Motivation of drug dealers. Refer to the Applied Psychology in Criminal Justice (September 2009) investigation of the personality characteristics of drug dealers, Exercise 2.80 (p. 111). Convicted drug dealers were scored on the Wanting Recognition (WR) Scale. This scale provides a quantitative measure of a person’s level of need for approval and sensitivity to social situations. (Higher scores indicate a greater need for approval.) Based on the study results, we can assume that the WR scores for the population of convicted drug dealers have a mean of 40 and a standard deviation of 5. Suppose that in a sample of 100 people, the mean WR scale score is x = 42. Is this sample likely selected from the population of convicted drug dealers? Explain.

Short answer

The sample is not likely to have been selected from the population of convicted drug dealers.

Step-by-step solution

Given information

From the given problem, the mean $\mu =40$ and the standard deviation,$\sigma =5$ the sample size is 100.

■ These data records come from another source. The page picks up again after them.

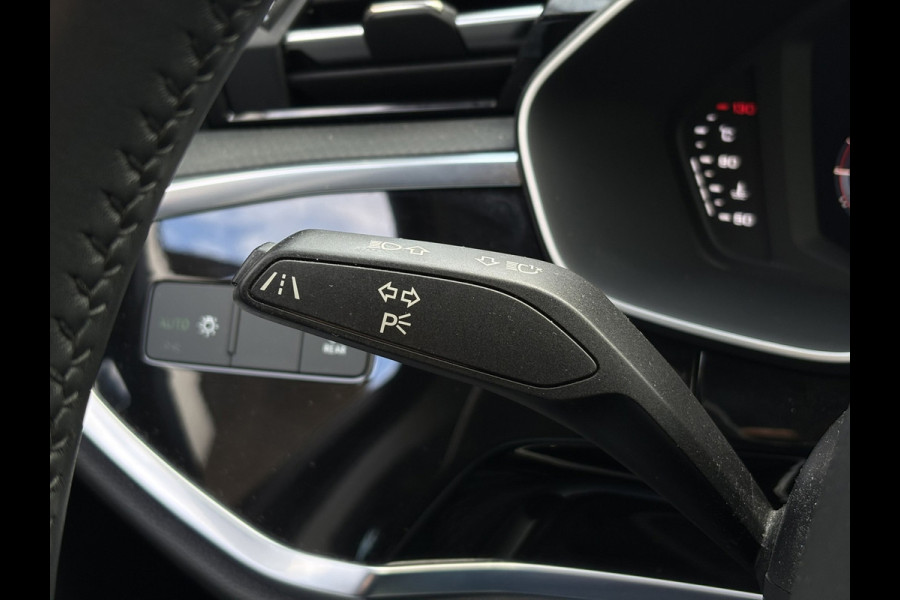 Audi Q3 Sportback 35 TFSI Pro Line S-Line | Carplay/Android, Camera, Stoelverw., Climate, 20'' LMV |
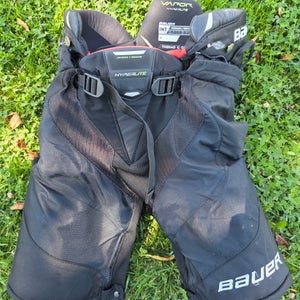 Black Intermediate Medium Bauer Vapor Hyperlite Hockey Pants (Used)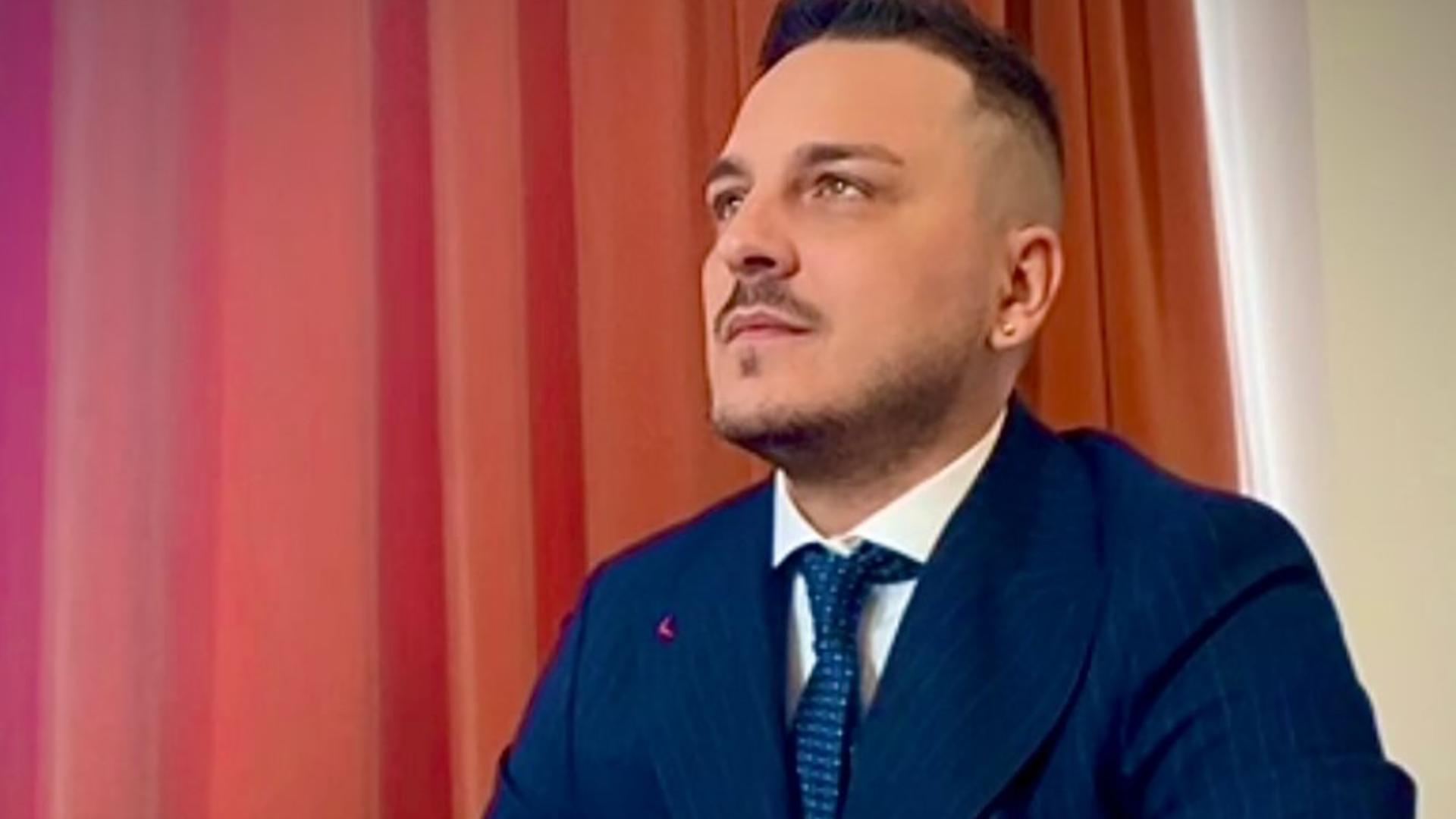 Drama trăită de influencerul Makaveli. De ce a decis să-și pună capăt zilelor: „Eram 28 de inși în cameră, am așteptat să adoarmă toți”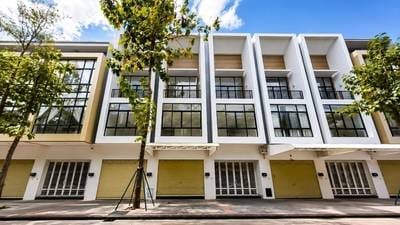 Borey Peng Huoth: The Star Platinum Eco Sunrise | Dom z lokalem handlowym Na sprzedaż z 4 sypialniami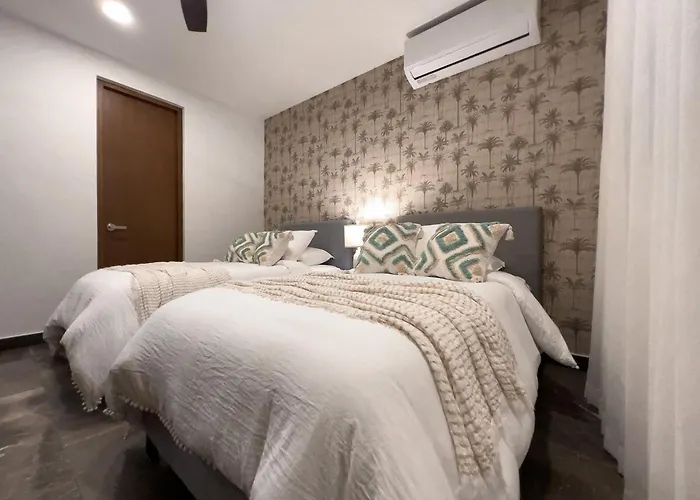 Apartment Luxurious 2br In With Breathtaking Views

Calculating the probability

From the central limit theorem, as the sample size is large, the sample's mean follows a normal distribution with mean ${\mu }_{\overline{x}}\left(=\mu \right)$and standard deviation.${\sigma }_{\overline{x}}\left(=\frac{\sigma }{\sqrt{n}}\right)$

The mean of the sampling distribution$\overline{x}$is the population mean .

That is,

$\begin{array}{rcl}{\mu }_{\overline{x}}& =& \mu \\ & =& 40\\ & & \end{array}$

Thus,${\mu }_{\overline{x}}=40$

From the given problem, the sample size is.$n=100$

$\begin{array}{rcl}{\sigma }_{\overline{x}}& =& \frac{\sigma }{\sqrt{n}}\\ & =& \frac{5}{\sqrt{100}}\\ & =& 0.5\\ & & \end{array}$

Thus,${\sigma }_{\overline{x}}=0.5$

$\begin{array}{rcl}P\left(\overline{x}>42\right)& =& P\left(\frac{\overline{x}-{\mu }_{\overline{x}}}{{\sigma }_{\overline{x}}}>\frac{42-40}{0.5}\right)\\ & =& P\left(Z>\frac{2}{0.5}\right)\\ & =& P\left(Z>4\right)\\ & & \end{array}$

$$\begin{gathered} =0.5-P\left(0<Z<4\right) \\ =0.5-0.5 \\ =0 \end{gathered}$$

Thus,$P\left(\overline{x}>42\right)\approx 0$

Here, the probability value is almost equal to 0. Thus, the sample is not likely to have been selected from the population of convicted drug dealers.